“You cannot remove over $1 trillion and not have a negative impact on the health and wellbeing of millions of people.” That’s the blunt assessment from the American College of Emergency Physicians, and it’s the reality rural hospitals are staring down as Congress moves to slash Medicaid by a projected $1 trillion over the next decade. The stakes? Nothing short of survival for hundreds of small-town hospitals and the communities that depend on them.

Medicaid is the financial backbone for rural hospitals, covering 1 in 4 adults and nearly half of all births in rural America, according to the KFF Policy Watch. In states like Nebraska and Kentucky, where Medicaid reimbursement systems already operate on razor-thin margins, the proposed cuts could be catastrophic. Tyler Sherman, a nurse at Webster County Community Hospital in Nebraska, summed it up: “Our budget is pretty heavily reliant on the Medicaid reimbursement, so if we do see a cut of that, it’ll be difficult to keep the doors open.” For many, the nearest alternative is an hour’s drive away—a delay that can turn emergencies into tragedies.
The numbers are sobering. More than 300 rural hospitals are at immediate risk of closure, according to the Center for Healthcare Quality and Payment Reform. In the past decade, 92 rural hospitals have already shuttered or stopped providing inpatient services, and the pace is only accelerating. Nearly half of rural hospitals operated at a loss in 2023, and Medicaid already pays just 63 cents on the dollar for critical services like obstetrics.
States aren’t impacted equally. Kentucky faces a projected $12.3 billion loss in rural Medicaid funding over 10 years, the highest in the nation, due to the bill’s elimination of its unique Medicaid reimbursement system. Governor Andy Beshear didn’t mince words on MSNBC: “Half of Kentucky’s kids are covered under Medicaid. They lose their coverage and you are scrambling over that next prescription. This is going to impact the life of every single American negatively. It is going to hammer our economy.”
The Senate’s answer—a $50 billion rural hospital fund over five years—has been met with deep skepticism. As KFF analysts point out, the fund falls far short of offsetting the $155 billion in projected rural Medicaid cuts. The allocation formula is murky, and rural health advocates worry it won’t reach the hospitals most at risk. Carrie Cochran-McClain of the National Rural Health Association noted, “We see rural hospitals throughout the country really operating on either negative or very small operating margins. Meaning that any amount of cut to a payer—especially a payer like Medicaid that makes up a significant portion of rural provider funding—is going to be consequential to the rural hospitals’ ability to provide certain services or maybe even keep their doors open at the end of the day.”

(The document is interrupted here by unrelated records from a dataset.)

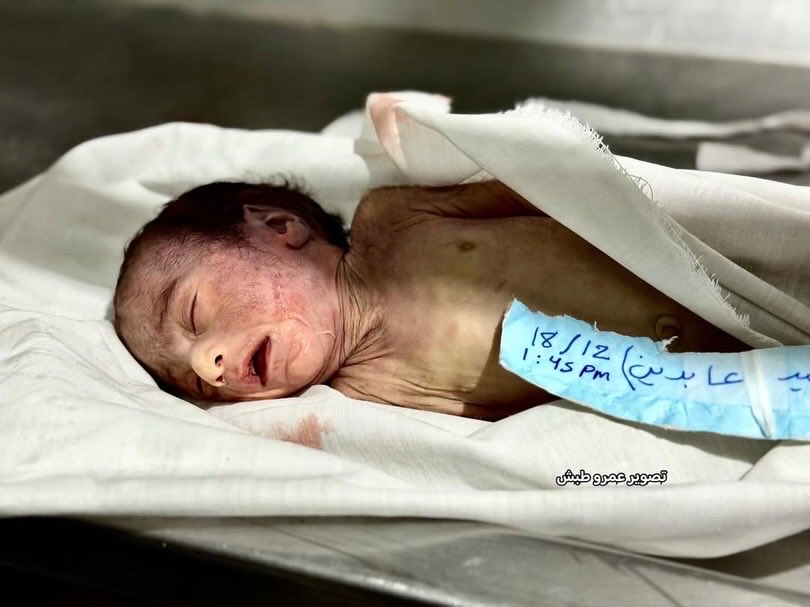 One-month-old infant dies of hypothermia during Gaza cold wave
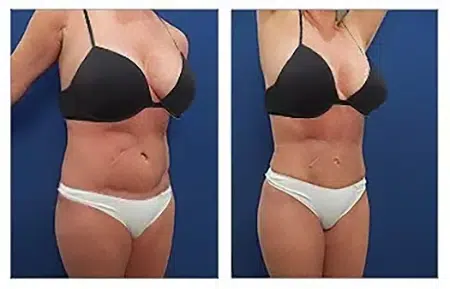 Before and after photos of a tummy tuck in West Hollywood.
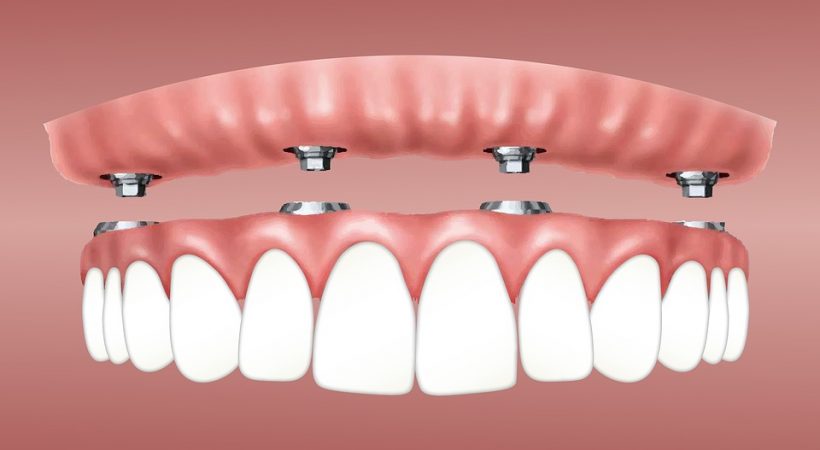 Dental Implant Procedure in London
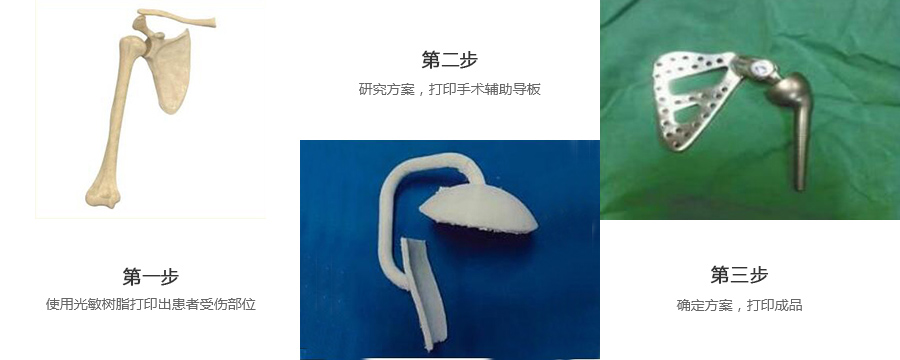 肩关节金属植入物制作流程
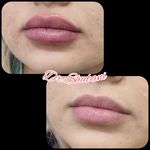 کلینیک پوست مو لیزر و لاغری عصر زیبایی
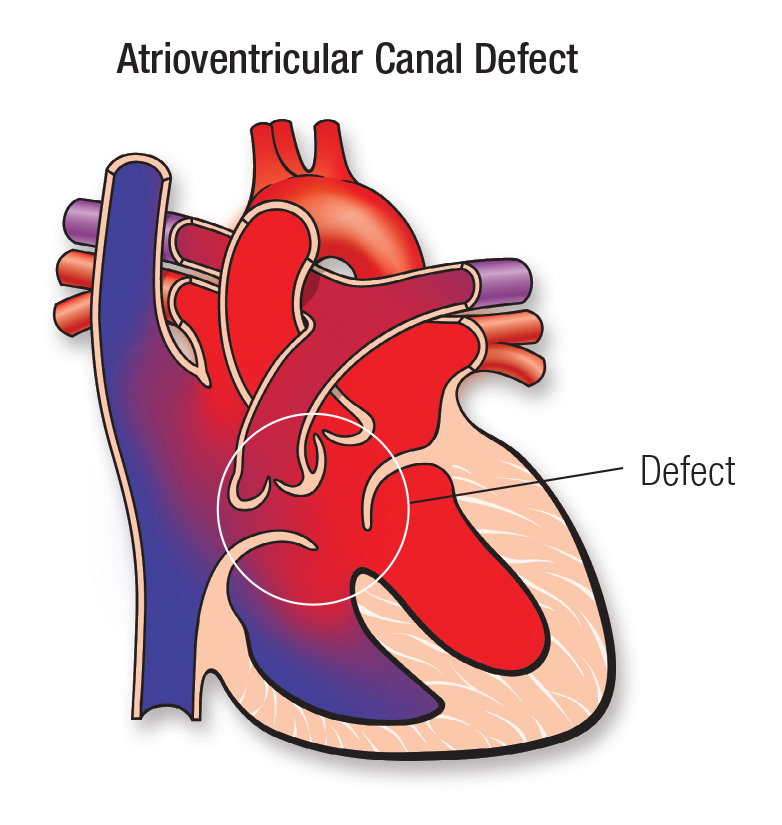 Atrioventricular canal defect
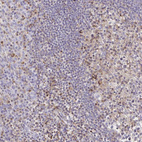 Anti-CCL21 Antibody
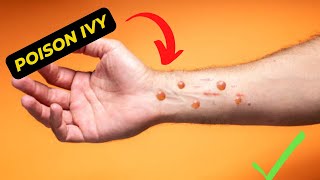 How to treat poison ivy Rashes Quickly and Effectively
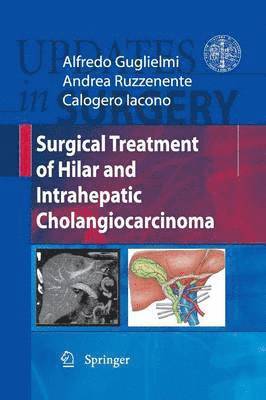 Surgical Treatment of Hilar and Intrahepatic Cholangiocarcinoma 1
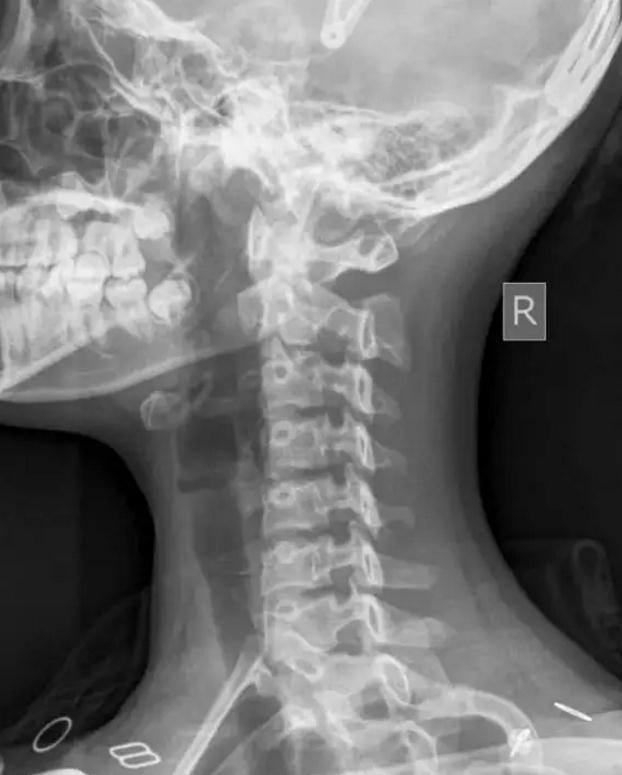 颈椎X光片的读片要点&常见异常改变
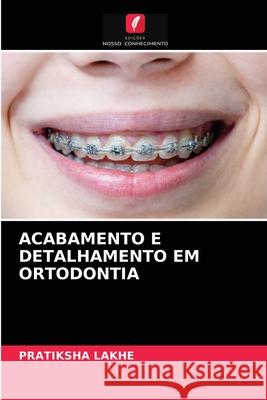 Acabamento E Detalhamento Em Ortodontia Pratiksha Lakhe 9786204036106 Edicoes Nosso Conhecimento - książka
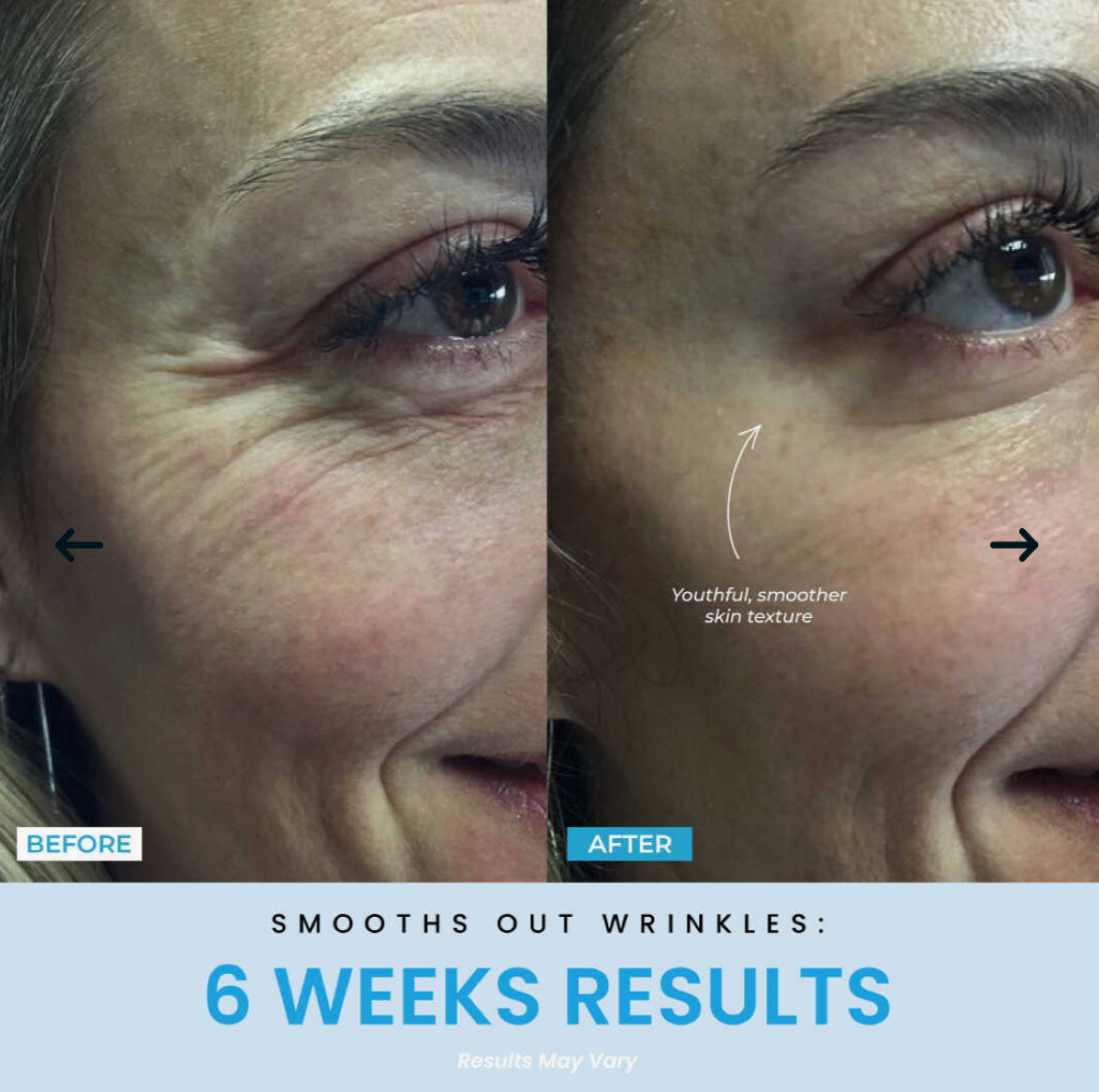 Vellar™ Facial Sculptor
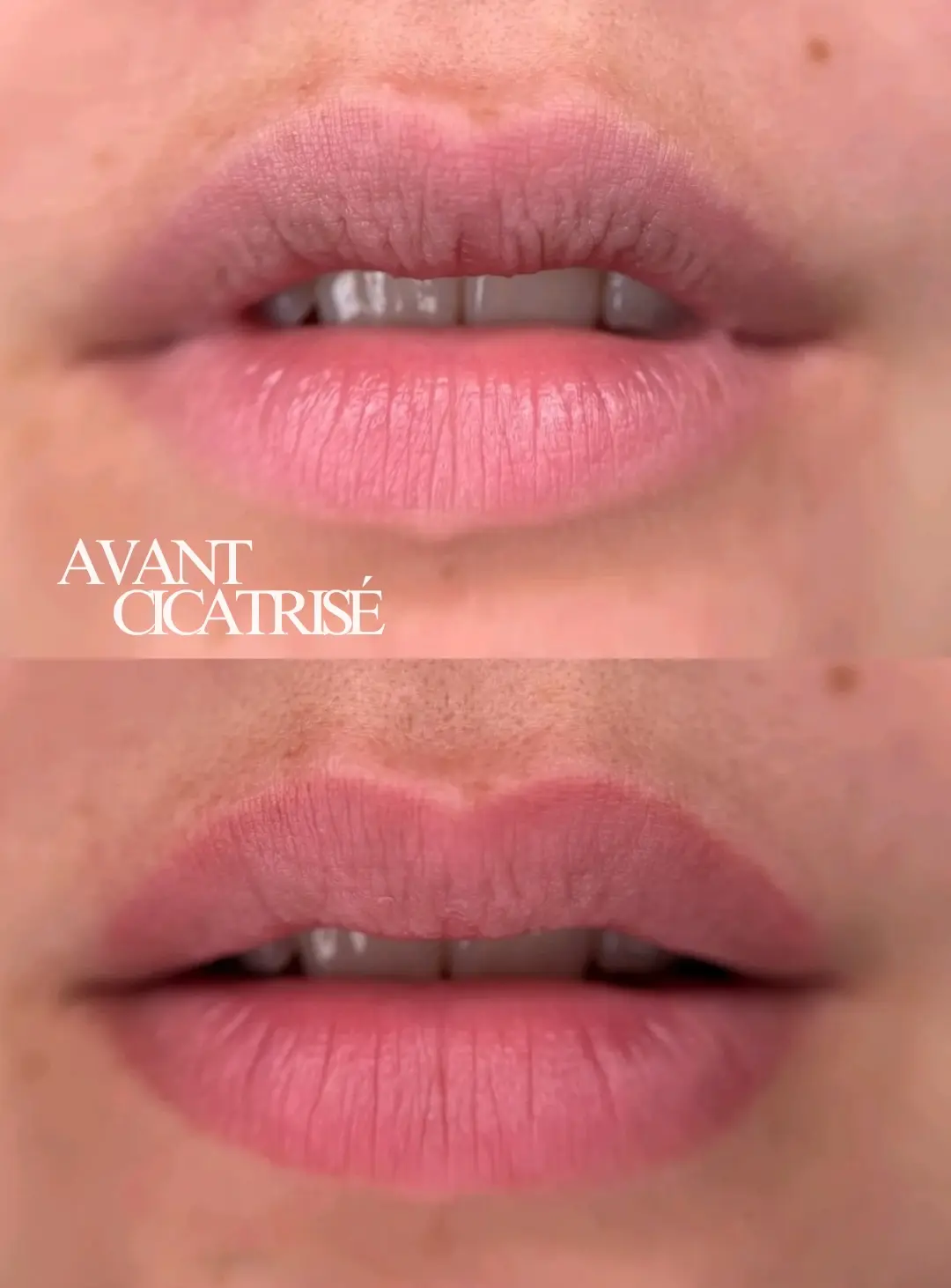 Lèvres — définition et couleur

The ripple effects of rural hospital closures go far beyond health care. When a hospital shuts down, local economies take a hit—per capita income can fall by 4%, and unemployment rises. Essential services like obstetrics, behavioral health, and trauma care disappear, creating “maternity care deserts” and longer, riskier journeys for emergency care. Research shows that increased travel time to hospitals is linked to higher mortality rates for conditions like heart attacks and preterm births.
So why are rural hospitals so vulnerable? Shrinking populations, high rates of uninsured patients, and lower Medicaid and Medicare reimbursements all play a role. States that expanded Medicaid under the ACA have seen fewer rural hospital closures, but even in those states, the threat is growing as federal support wanes.
Some policy experts are exploring alternative funding models—like global budgets, expanded telehealth, and targeted grants—to help rural hospitals weather the storm. The new rural emergency hospital designation, for example, offers support for facilities that maintain 24/7 emergency departments without inpatient care. But these solutions are still in their infancy and may not be enough to stem the tide if Medicaid cuts go through as planned.
The bottom line? Medicaid isn’t just a line item in the federal budget—it’s the lifeline keeping rural hospitals open, economies afloat, and families healthy. As Alan Morgan, CEO of the National Rural Health Association, put it: “It’s very clear that Medicaid cuts will result in rural hospital closures resulting in loss of access to care for those living in rural America.”